On the lifeboat repairs, we used a lot of super poly fill. It got the job done quick and easy. But if it was too deep, we first used resin, cabosil, and chop to fill in the void, sanded that down, and then finished off with the super poly fill.


----------



## blittle (Jun 3, 2012)

> > How long do you plan to use this boat?
> >
> > And what are you covering up the filler with?
> >
> ...


I meant, how many times a week or year do you plan on using it? 

Most people are worried about fillers and resin taking on water and they then use their boat 1 or 2 times a year while it sits on a trailer the rest of the time. 

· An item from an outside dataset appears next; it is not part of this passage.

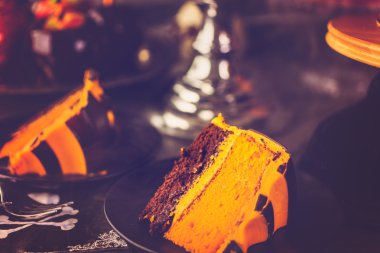 Cadılar Bayramı partisi için tablo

It sounds like you're on the right track. Use the epoxy if you have it. Call the epoxy manufacture and ask them what filler additive they recommend.


----------



## Rediculous (May 5, 2012)

> > > How long do you plan to use this boat?
> > >
> > > And what are you covering up the filler with?
> > >
> ...


I use the boat about 150 times a year. So it gets used often, which is why I am using awlgrip. Hopefully it turns out decent... We'll see.

I'm hoping to put on the awlgrip primer in the next couple of days. And getting it painted within a week... Hopefully.

Thanks for advice everyone.


----------



## jaythefisherman (Feb 13, 2013)

if you like spending extra money frivolously awlfair is good, bondo is just as good in my opionion , but the gold series if by far better than even west system with cabosil and significantly cheaper,,yes cheaper is better in these situations! and its easier to sand, the awlfair is actually fairly easy to sand, all epoxies fairing compound with the exception of awlgrips spraying highbuild fairing compound are very difficult to sand and leave pits, with bondo gold premium,no small craters, but if they do wet a thin layer of resin over it!


----------